#### Work request
The records are set out below this line. Return exactly the lines from the one containing "Australien 2003 - Mi-Nr." through the last, and exclude the pictures.

#### Input material
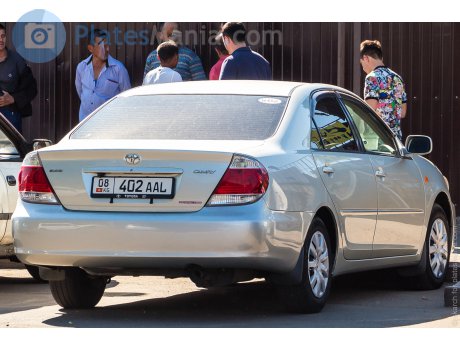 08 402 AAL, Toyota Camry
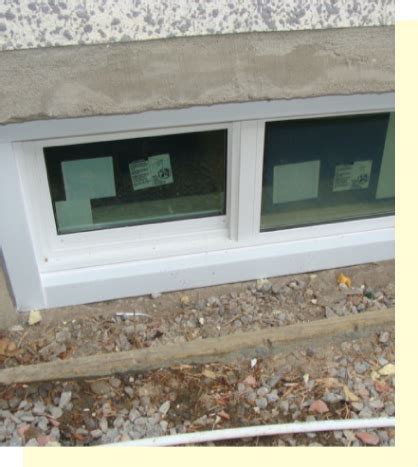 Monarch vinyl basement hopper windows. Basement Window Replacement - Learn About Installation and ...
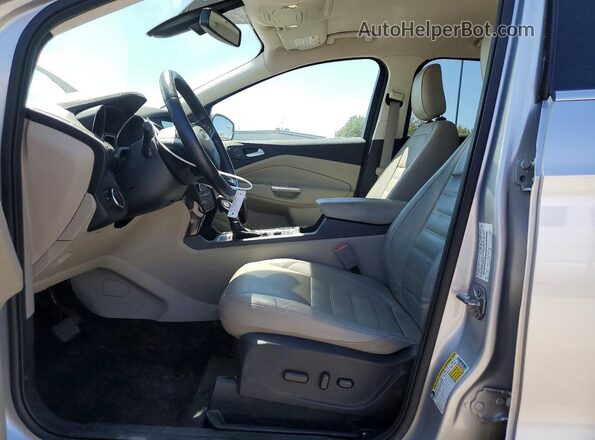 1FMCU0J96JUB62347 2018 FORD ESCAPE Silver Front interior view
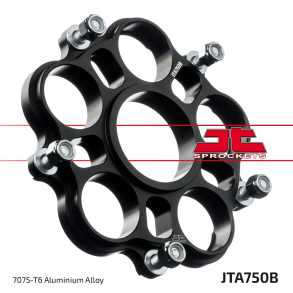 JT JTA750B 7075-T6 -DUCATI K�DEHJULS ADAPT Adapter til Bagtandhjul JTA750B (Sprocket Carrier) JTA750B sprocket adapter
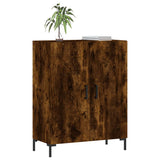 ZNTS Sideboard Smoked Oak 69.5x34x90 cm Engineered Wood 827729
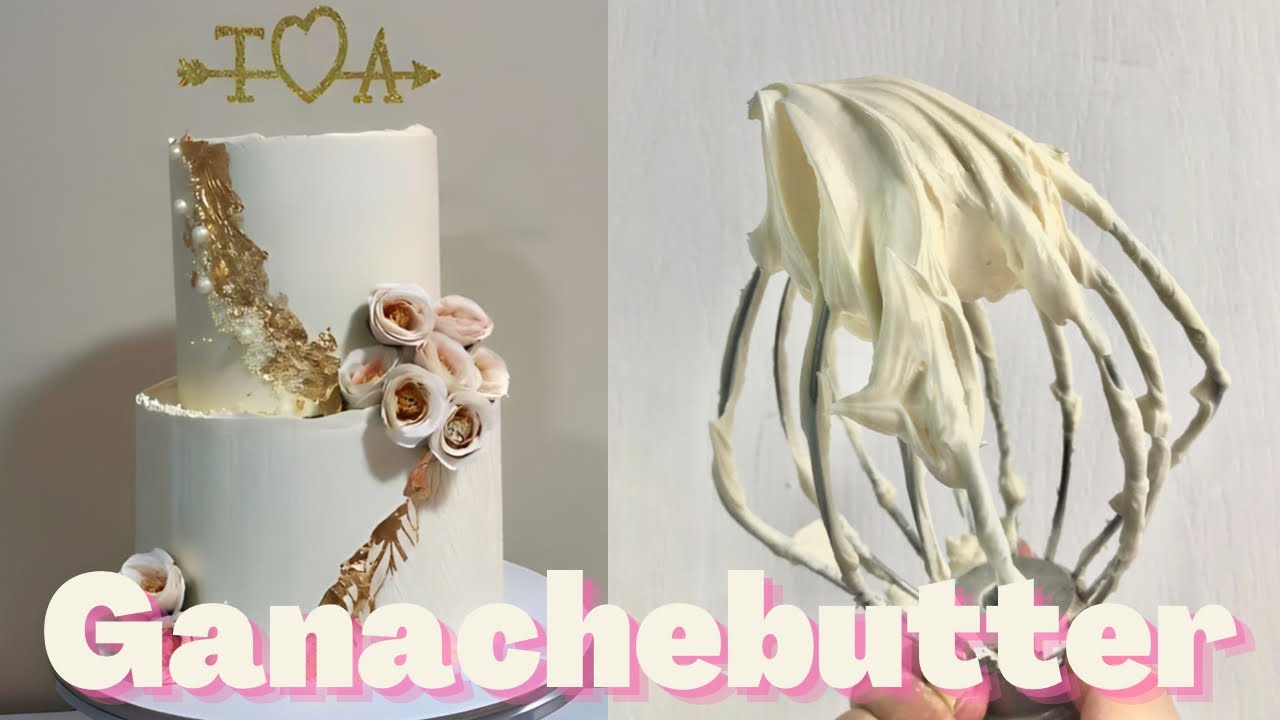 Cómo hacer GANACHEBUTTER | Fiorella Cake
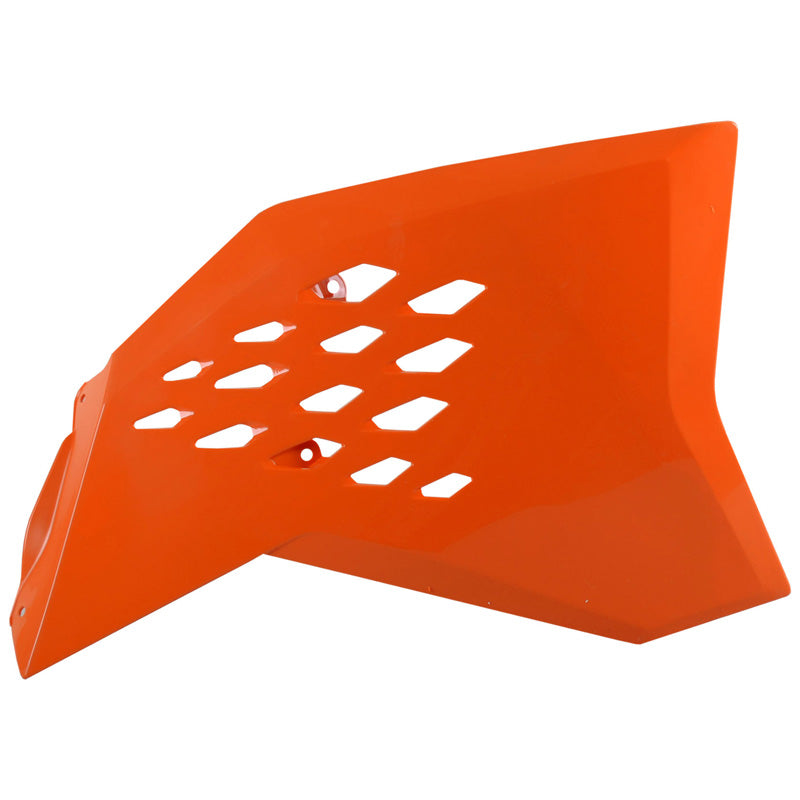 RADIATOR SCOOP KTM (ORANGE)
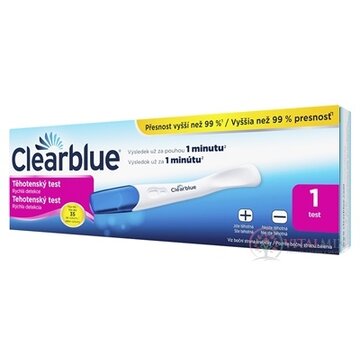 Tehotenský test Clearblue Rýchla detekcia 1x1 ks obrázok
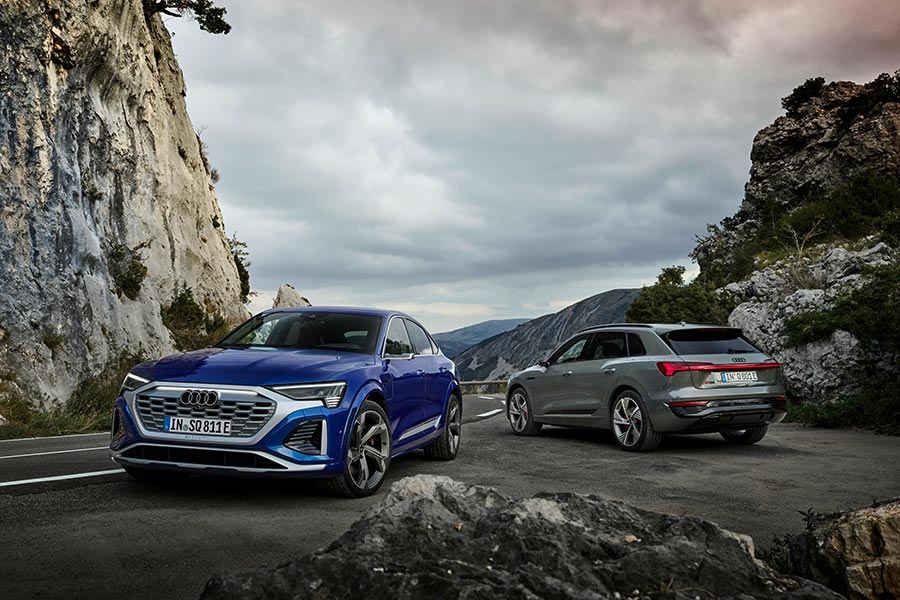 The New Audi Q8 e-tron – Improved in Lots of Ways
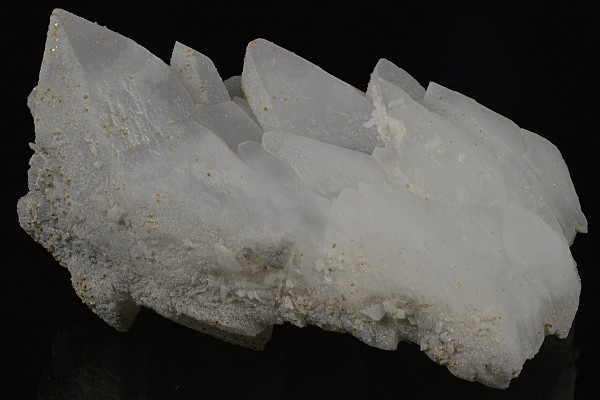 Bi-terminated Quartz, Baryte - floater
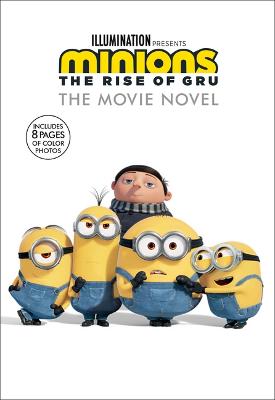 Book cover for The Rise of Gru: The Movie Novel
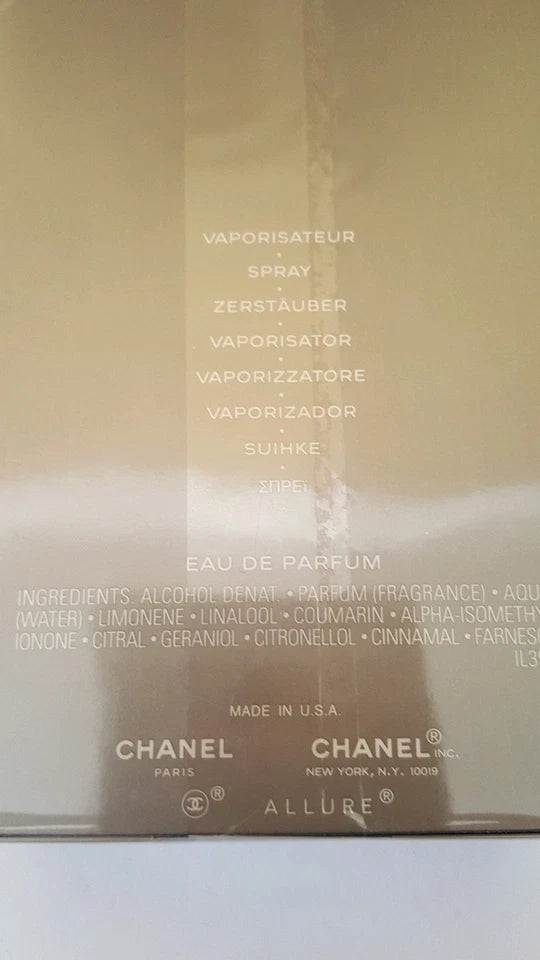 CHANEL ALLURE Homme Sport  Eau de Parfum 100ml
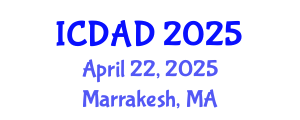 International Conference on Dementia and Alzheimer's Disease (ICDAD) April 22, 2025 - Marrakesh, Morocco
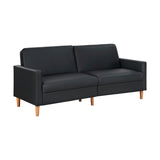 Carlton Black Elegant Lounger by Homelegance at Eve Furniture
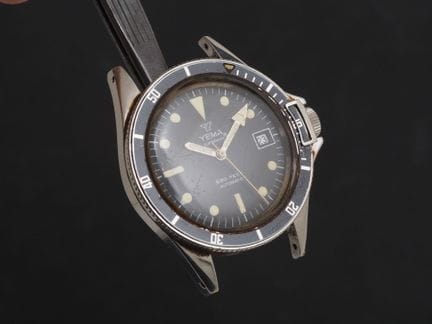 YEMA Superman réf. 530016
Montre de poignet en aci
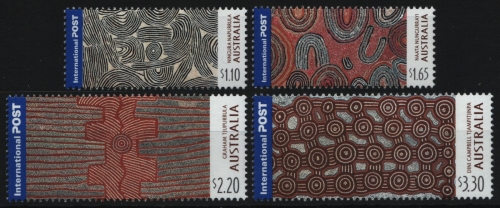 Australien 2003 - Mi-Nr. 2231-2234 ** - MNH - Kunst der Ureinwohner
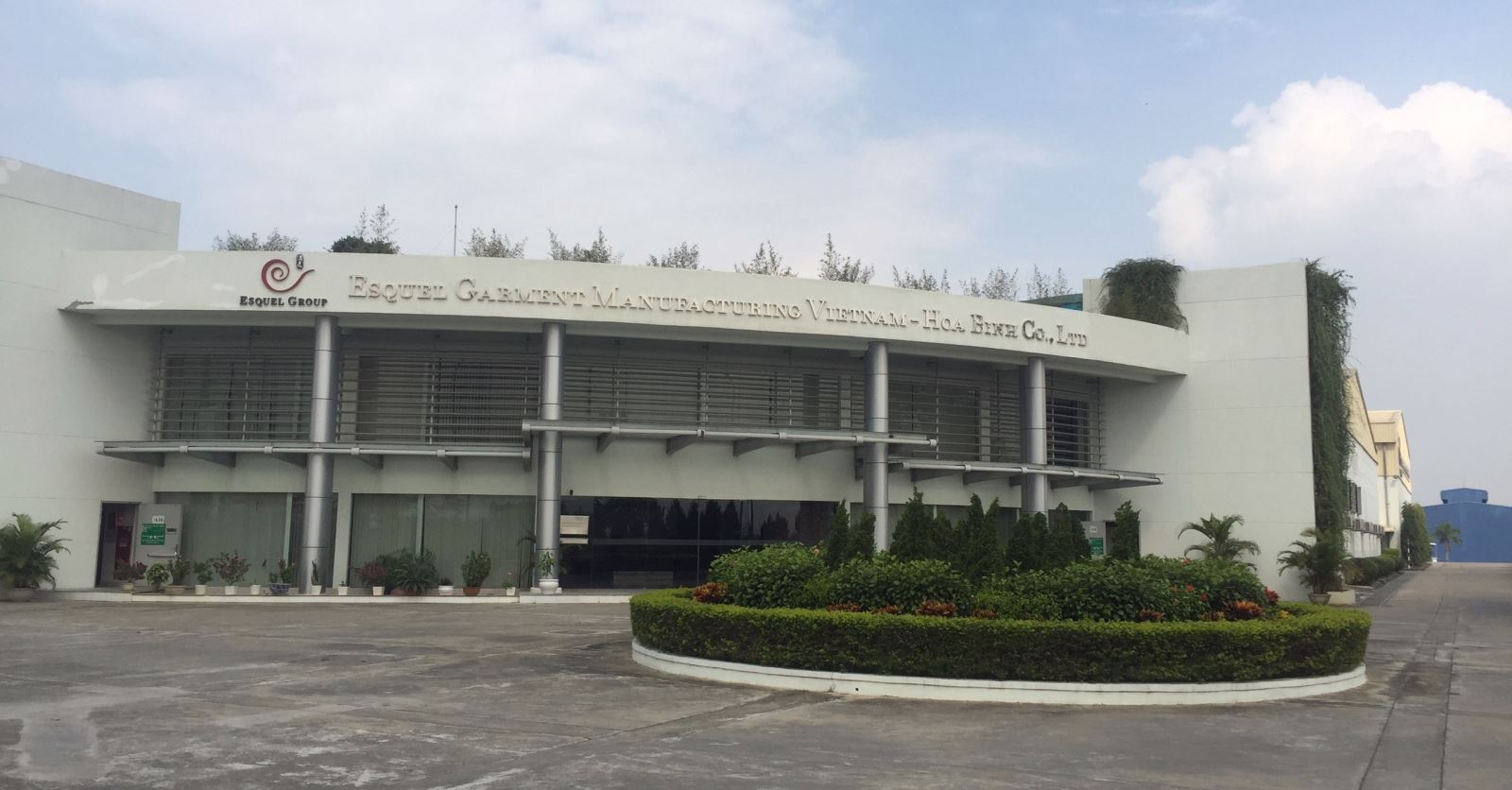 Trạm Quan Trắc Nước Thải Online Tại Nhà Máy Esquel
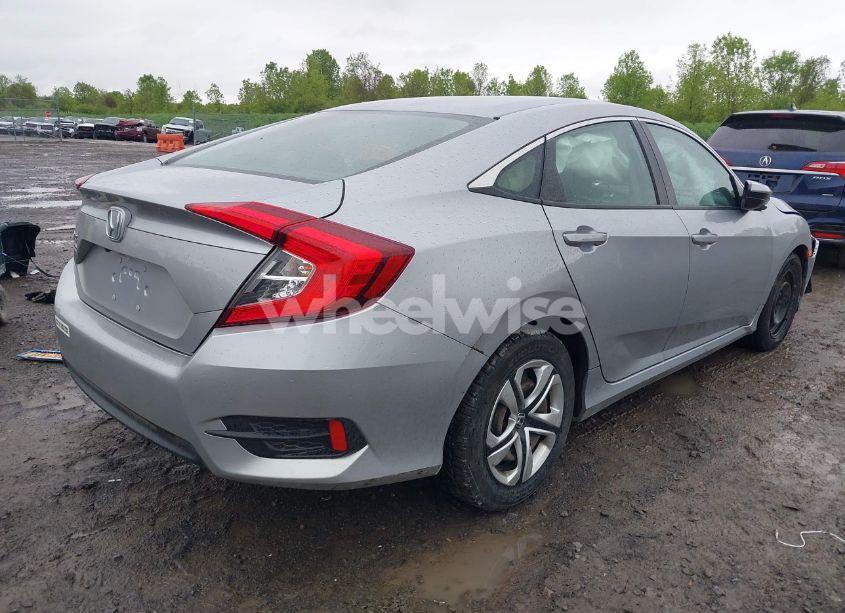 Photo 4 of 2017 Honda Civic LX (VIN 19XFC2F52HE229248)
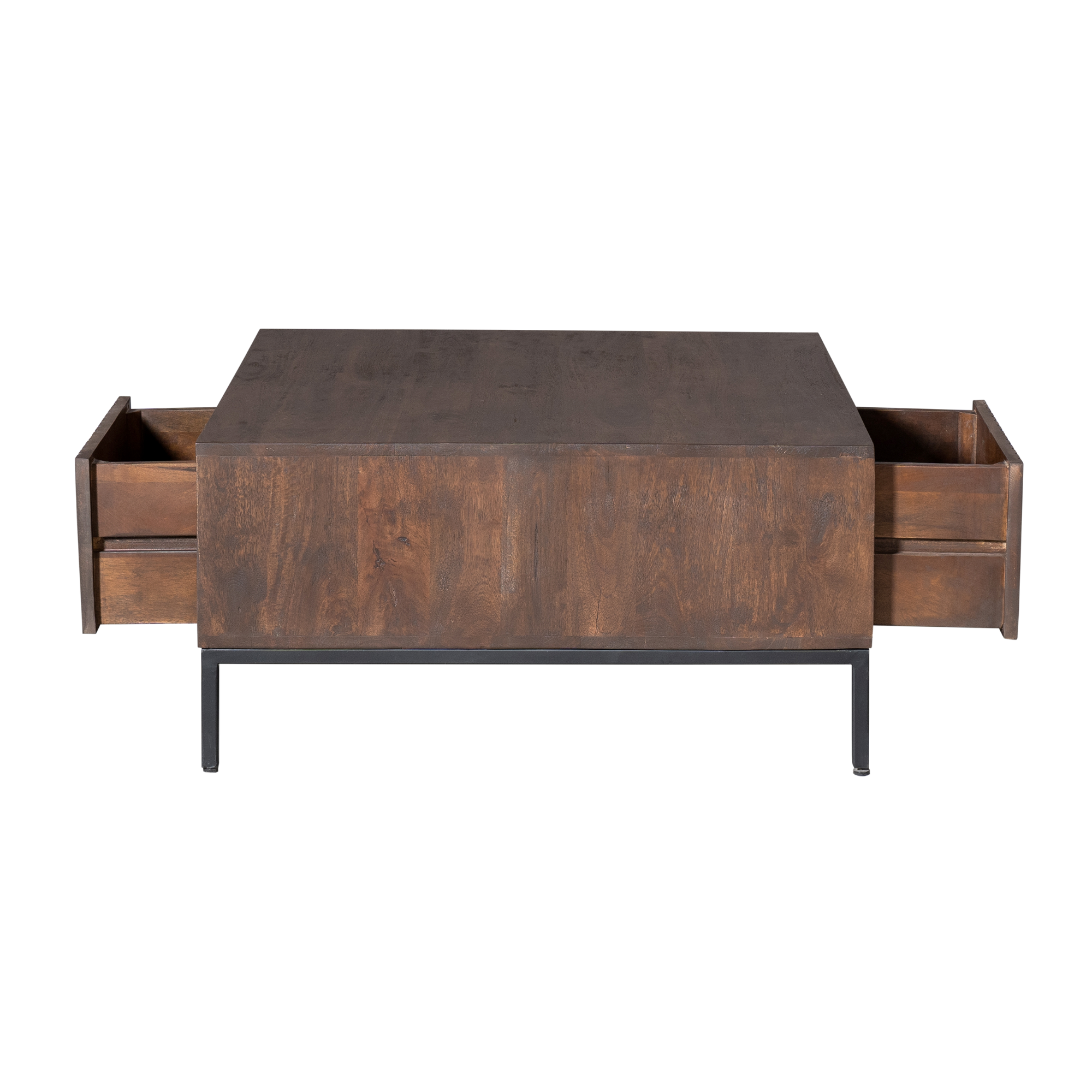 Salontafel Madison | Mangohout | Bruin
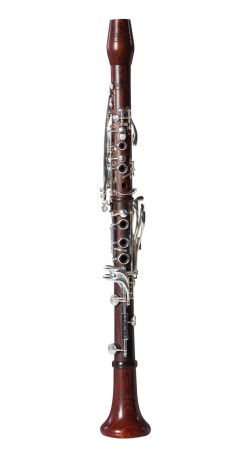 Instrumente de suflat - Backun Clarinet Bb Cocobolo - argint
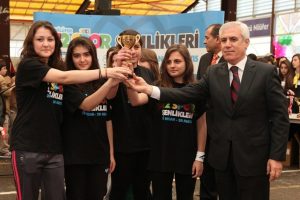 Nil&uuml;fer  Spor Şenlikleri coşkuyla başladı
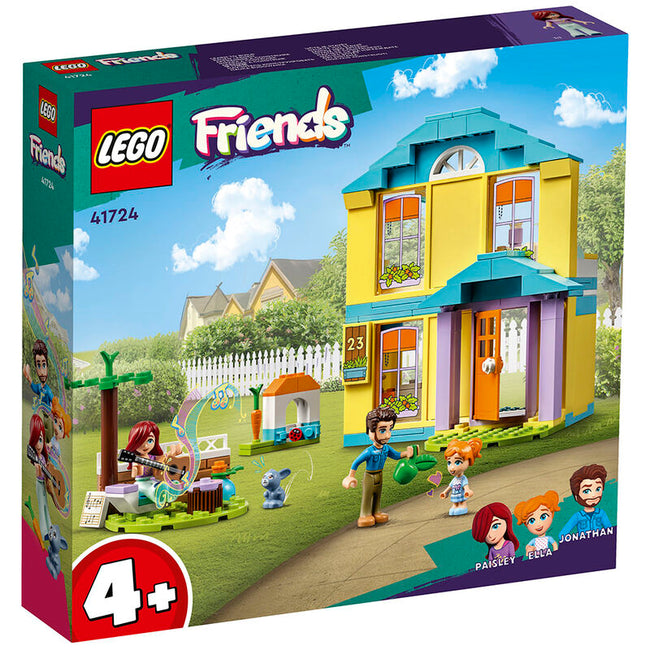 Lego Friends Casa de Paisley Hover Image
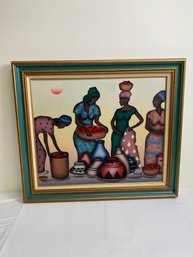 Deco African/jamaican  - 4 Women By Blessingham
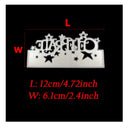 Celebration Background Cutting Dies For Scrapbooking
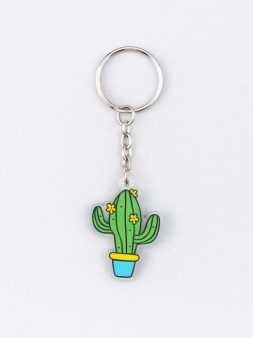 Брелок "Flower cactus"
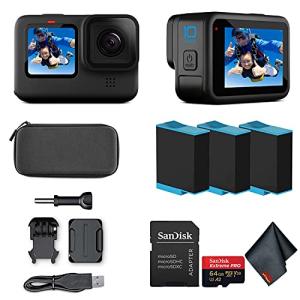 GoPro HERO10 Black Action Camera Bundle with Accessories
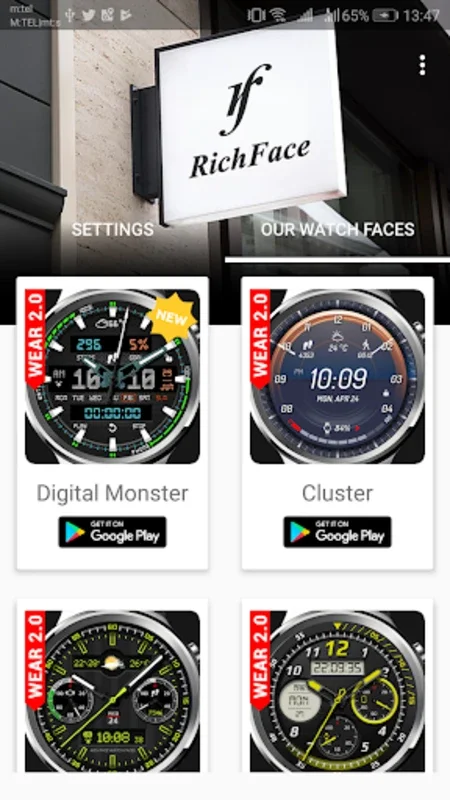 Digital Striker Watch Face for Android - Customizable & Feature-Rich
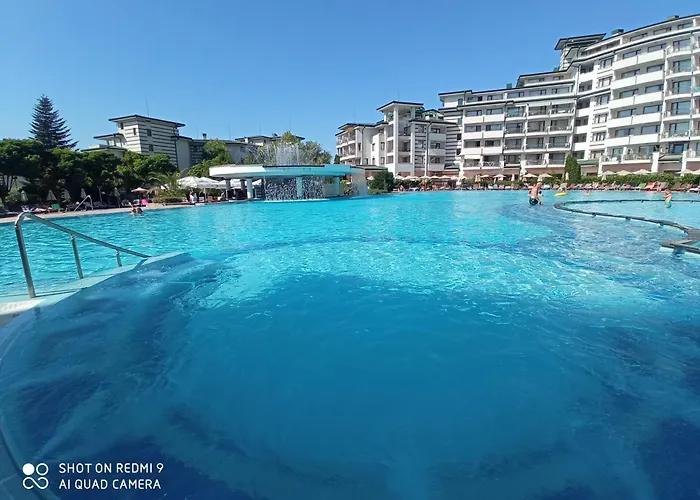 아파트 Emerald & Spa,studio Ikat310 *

#### Solution to this task
 Australien 2003 - Mi-Nr. 2231-2234 ** - MNH - Kunst der Ureinwohner
 Trạm Quan Trắc Nước Thải Online Tại Nhà Máy Esquel
 Photo 4 of 2017 Honda Civic LX (VIN 19XFC2F52HE229248)
 Salontafel Madison | Mangohout | Bruin
 Instrumente de suflat - Backun Clarinet Bb Cocobolo - argint
 Nil&uuml;fer  Spor Şenlikleri coşkuyla başladı
 Lego Friends Casa de Paisley Hover Image
 Deco African/jamaican  - 4 Women By Blessingham
 Celebration Background Cutting Dies For Scrapbooking
 Брелок "Flower cactus"
 GoPro HERO10 Black Action Camera Bundle with Accessories
 Digital Striker Watch Face for Android - Customizable & Feature-Rich
 아파트 Emerald & Spa,studio Ikat310 *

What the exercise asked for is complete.